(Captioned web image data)
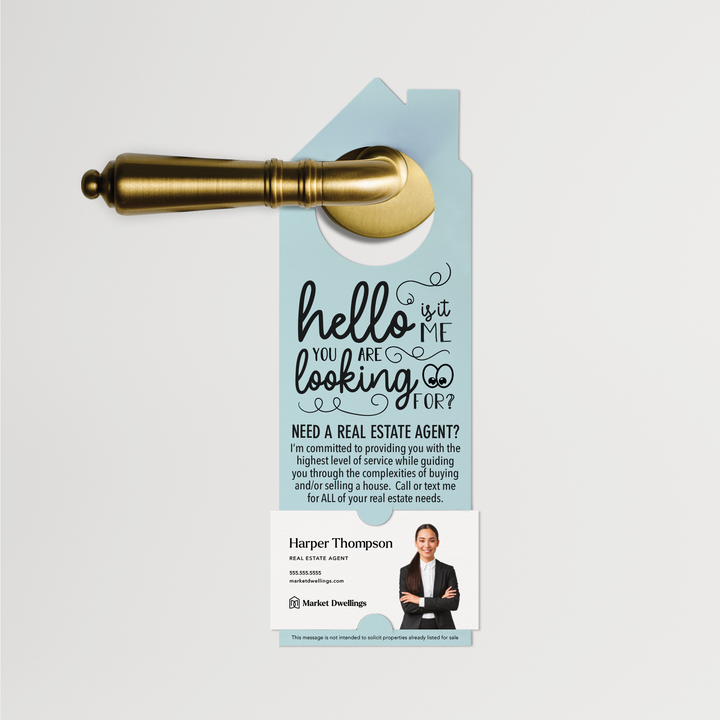 Hello, Is It Me You Are Looking For? | Need a Real Estate Agent Door Hangers | 7-DH002 Door Hanger Market Dwellings LIGHT BLUE  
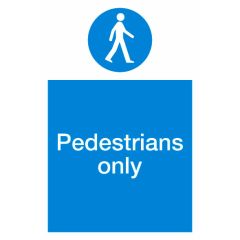 Pedestrians only Sign 300x200mm Plastic
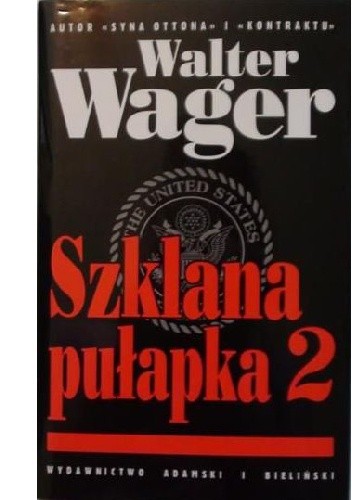 Szklana pułapka 2 - Walter Wager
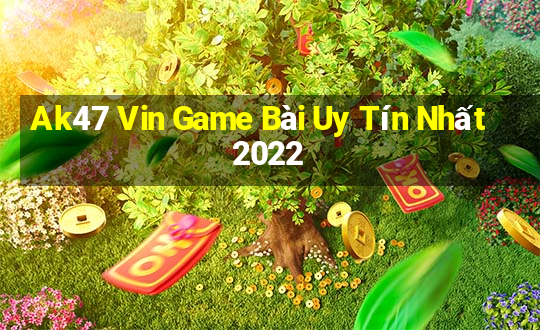 Ak47 Vin Game Bài Uy Tín Nhất 2022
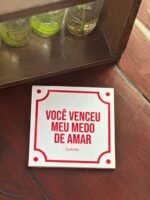 Azulejo Decorativo 15x15 – “Você venceu meu medo de amar” - Imagem 2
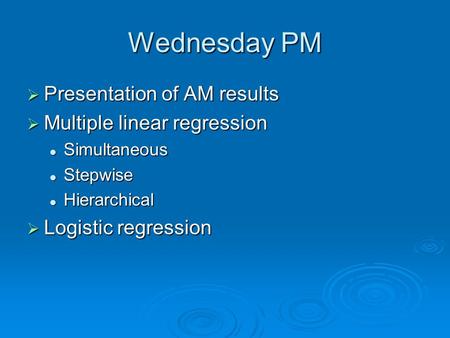 Wednesday PM  Presentation of AM results  Multiple linear regression Simultaneous Simultaneous Stepwise Stepwise Hierarchical Hierarchical  Logistic.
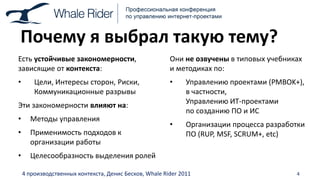 Почему я выбрал такую тему?
Есть устойчивые закономерности,                         Они не озвучены в типовых учебниках
зависящие от контекста:                                 и методиках по:
•       Цели, Интересы сторон, Риски,                   •     Управлению проектами (PMBOK+),
        Коммуникационные разрывы                              в частности,
                                                              Управлению ИТ-проектами
Эти закономерности влияют на:
                                                              по созданию ПО и ИС
•     Методы управления
                                                        •     Организации процесса разработки
•     Применимость подходов к                                 ПО (RUP, MSF, SCRUM+, etc)
      организации работы
•     Целесообразность выделения ролей

    4 производственных контекста, Денис Бесков, Whale Rider 2011                          4
 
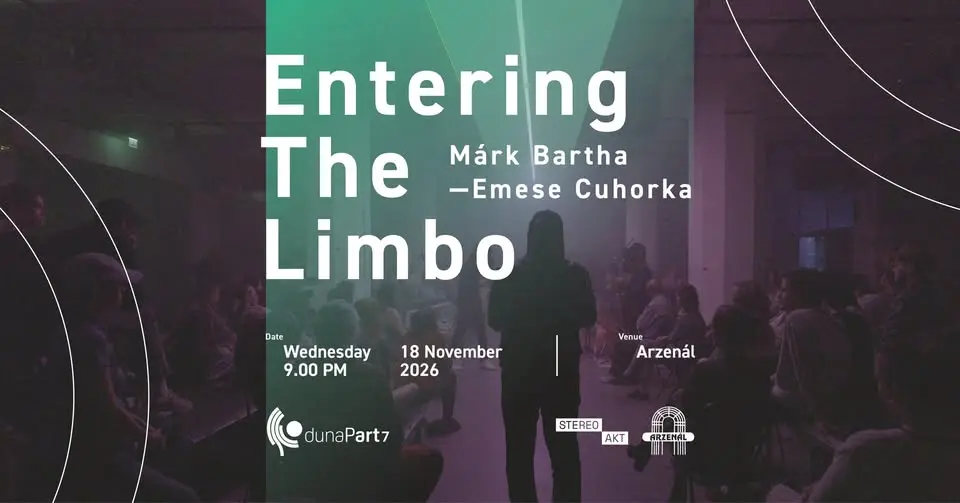 dunaPart7 ▷▷ Márk Bartha - Emese Cuhorka: Entering The Limbo koncert Budapesten (Arzenál Budapest)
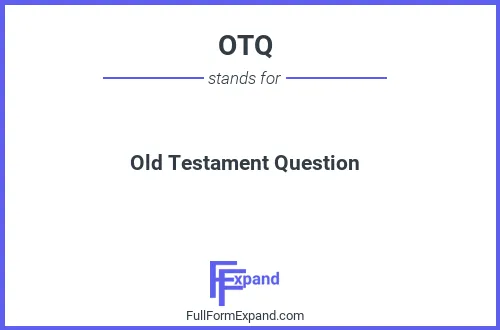 Full form of OTQ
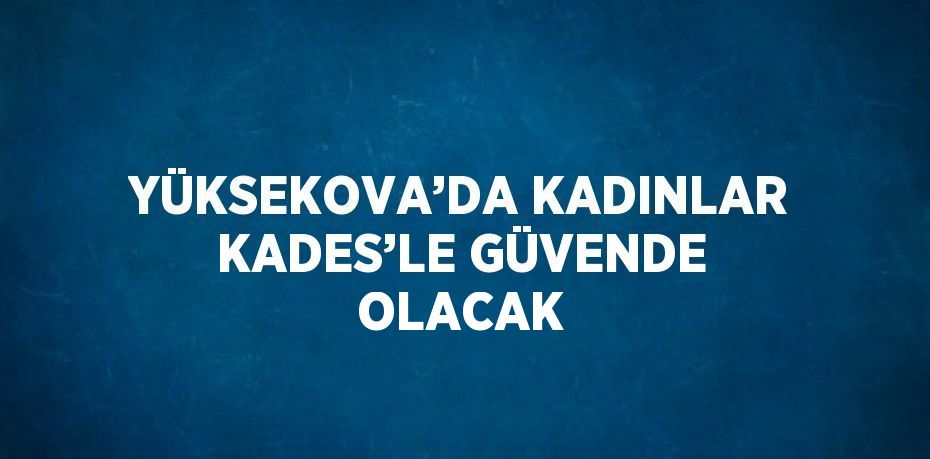 YÜKSEKOVA’DA KADINLAR KADES’LE GÜVENDE OLACAK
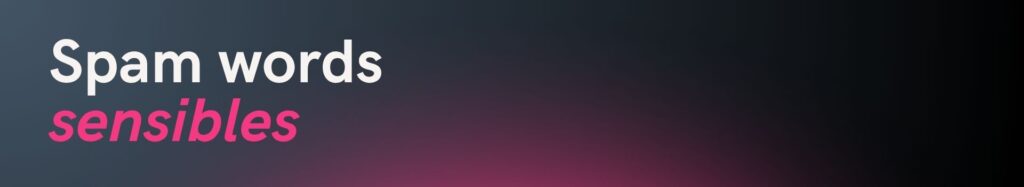 spam_words_sensibles_emailing_delivrabilite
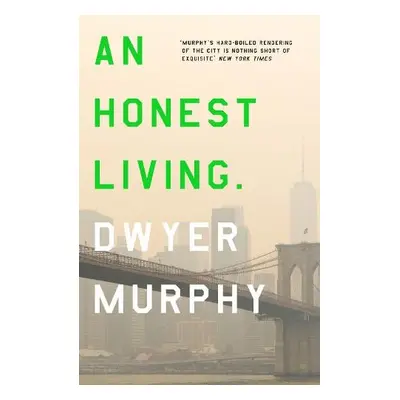 Honest Living - Murphy, Dwyer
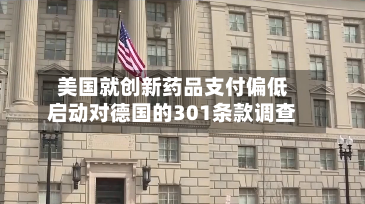 美国就创新药品支付偏低启动对德国的301条款调查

- [Work task]:
Figure out how many lines of the data above include "Управлению", then give the number and nothing more.

- [Problem solution]:
2